── Input records
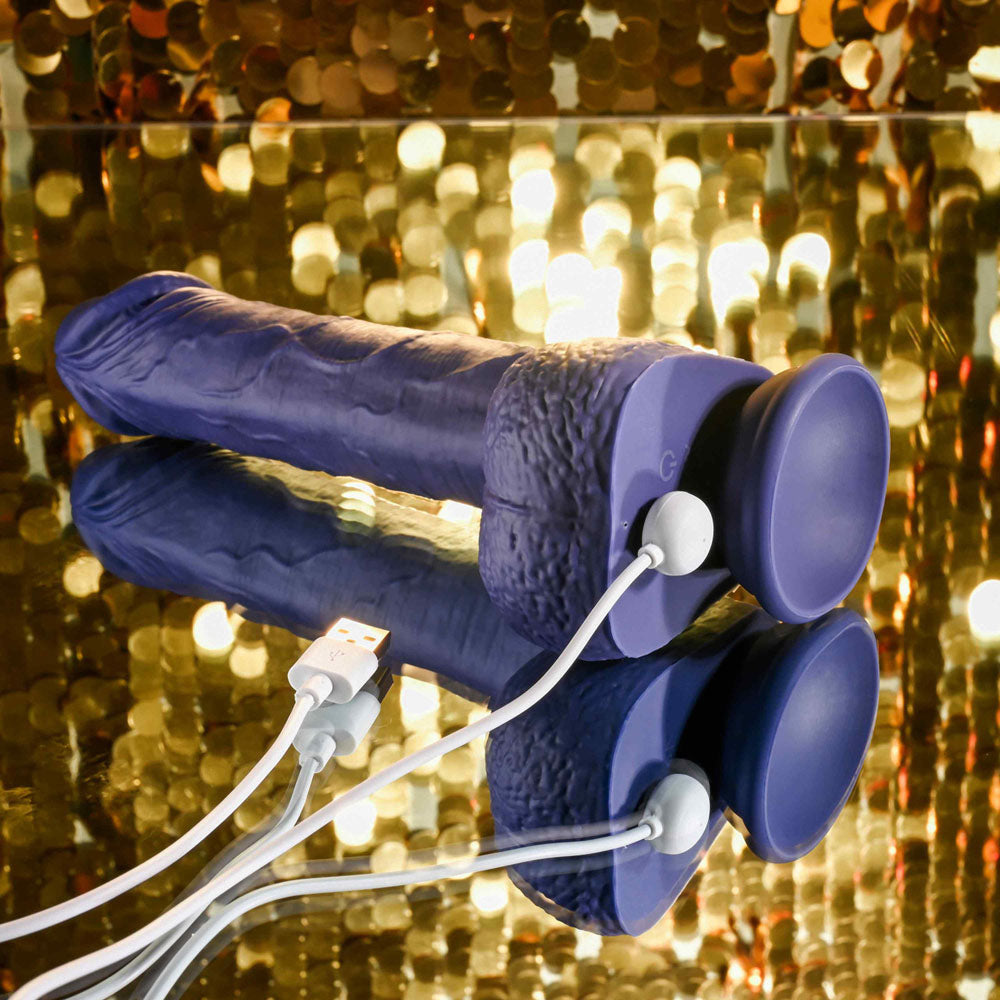Evolved Pleasure Rider Blue 22.2 Cm Usb Rechargeable Vibrating & Thrusting Dong With Remote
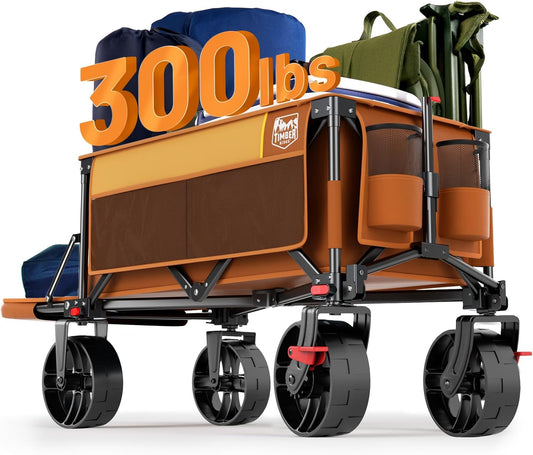 TIMBER RIDGE Beach Wagon with Tailgate, 300lbs Heavy Duty Collapsible Wagon with All-Terrain Big Brakes Wheels, Foldable Utility Cart for Sand Sports Shopping, Orange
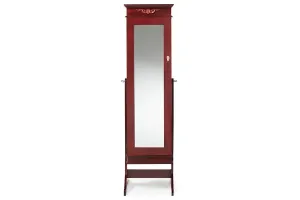 Bimini Brown Finish Wood Crown Molding Top Free Standing Full Length Cheval Mirror Jewelry Armoire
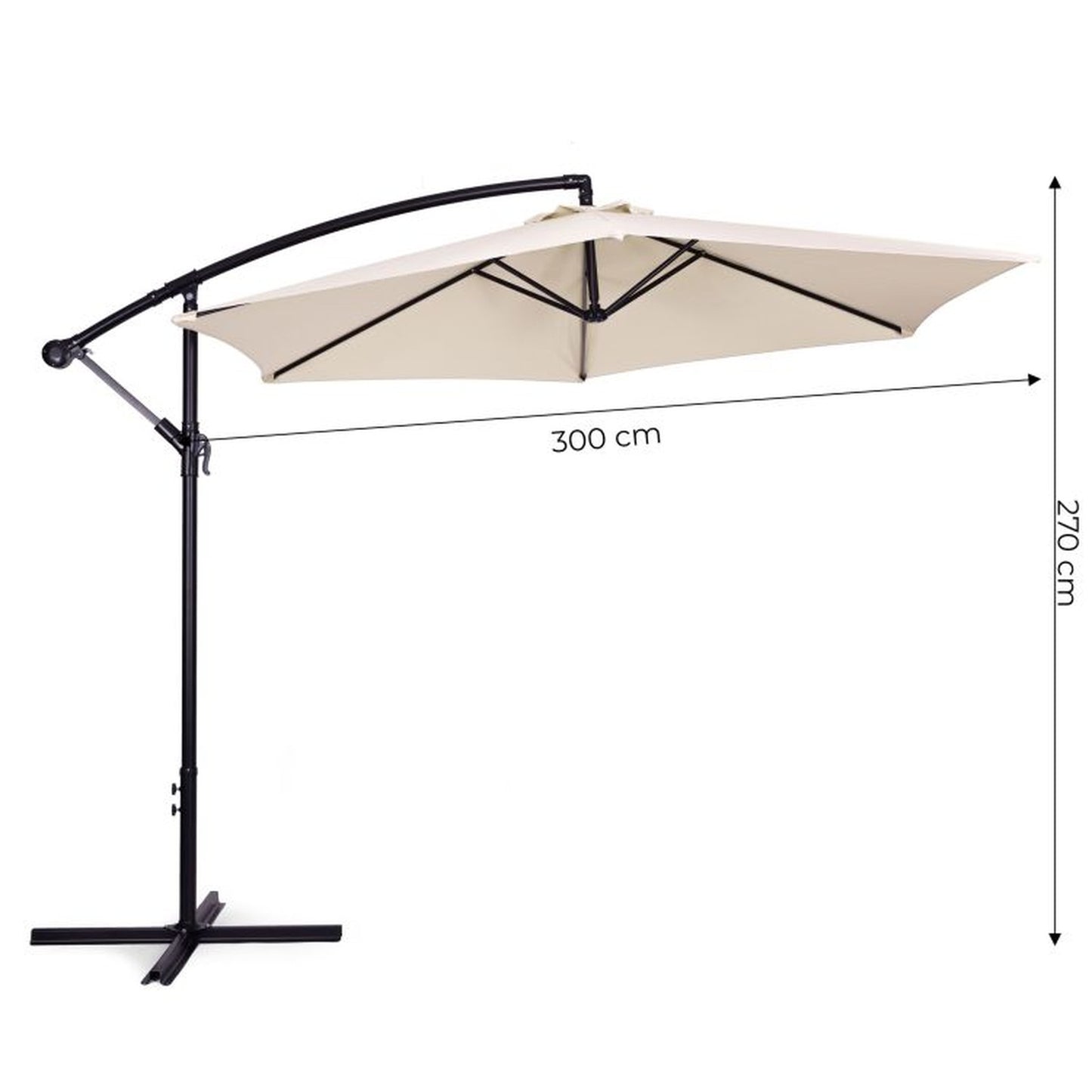 Umbrela de Gradina idealSTORE BeigeGarden, Deschidere 300 cm, Pliabila, Cadru Solid, Rezistenta Sporita (UV50+)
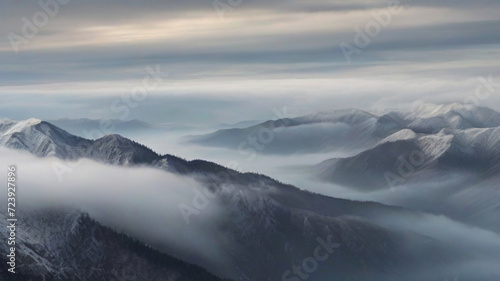 Mountain peaks covered in heavy fog  © triocean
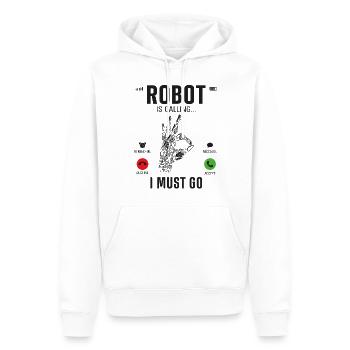 Robot Robotique Ingénieur Téléphone - Sweat à capuche Premium bio Homme - blanc - Devant - Nico (187cm)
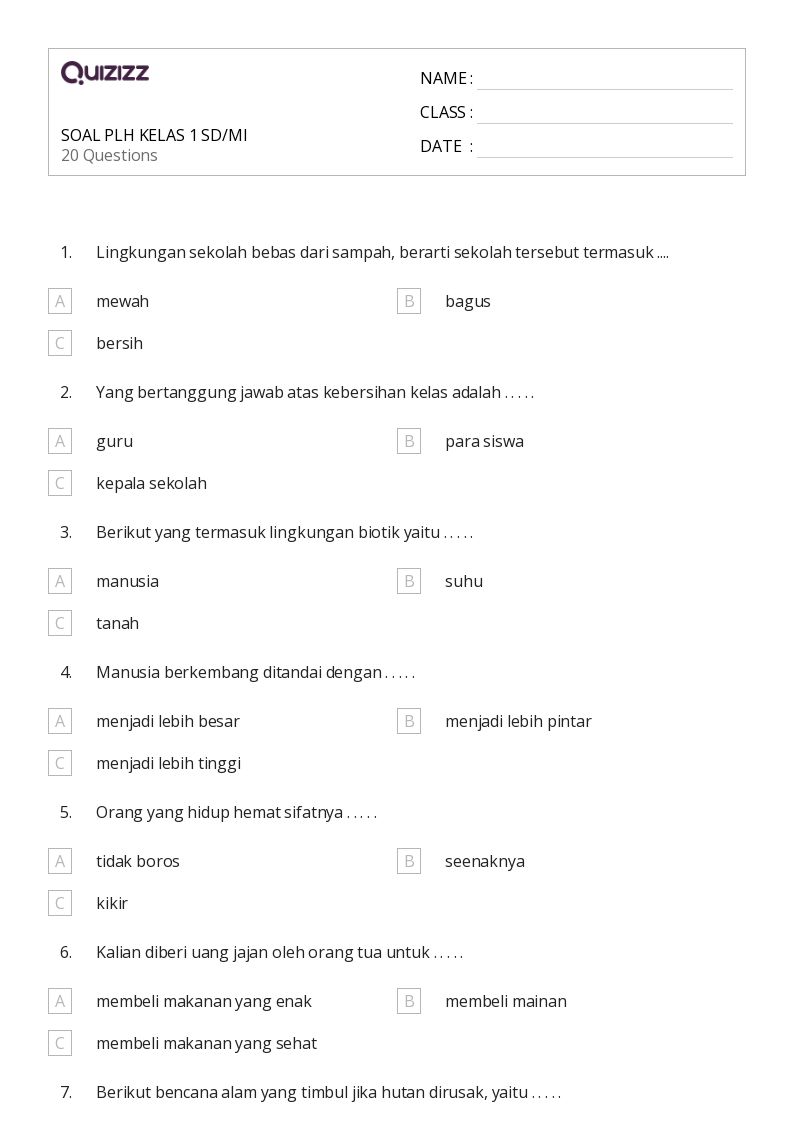 5 Soal PLH Kelas 1 SD Semester 1 dan Kunci Jawaban Siap Cetak – Wajib Punya
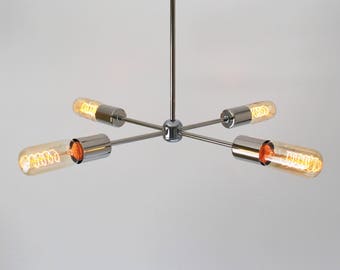 Sputnik Chandelier, Chrome Hanging Pendant Lamp, Modern 4 Arm Sputnik Chandelier, Industrial Lighting Fixture by BootsNGus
────
Give again, exactly as written above, every line from the one holding "TIMBER RIDGE Beach" to the one holding "5 Soal PLH Kelas", with both ends kept and the pictures left out.

* [Output below]
 TIMBER RIDGE Beach Wagon with Tailgate, 300lbs Heavy Duty Collapsible Wagon with All-Terrain Big Brakes Wheels, Foldable Utility Cart for Sand Sports Shopping, Orange
 Bimini Brown Finish Wood Crown Molding Top Free Standing Full Length Cheval Mirror Jewelry Armoire
 Umbrela de Gradina idealSTORE BeigeGarden, Deschidere 300 cm, Pliabila, Cadru Solid, Rezistenta Sporita (UV50+)
 Mountain peaks covered in heavy fog  © triocean
 Robot Robotique Ingénieur Téléphone - Sweat à capuche Premium bio Homme - blanc - Devant - Nico (187cm)
 5 Soal PLH Kelas 1 SD Semester 1 dan Kunci Jawaban Siap Cetak – Wajib Punya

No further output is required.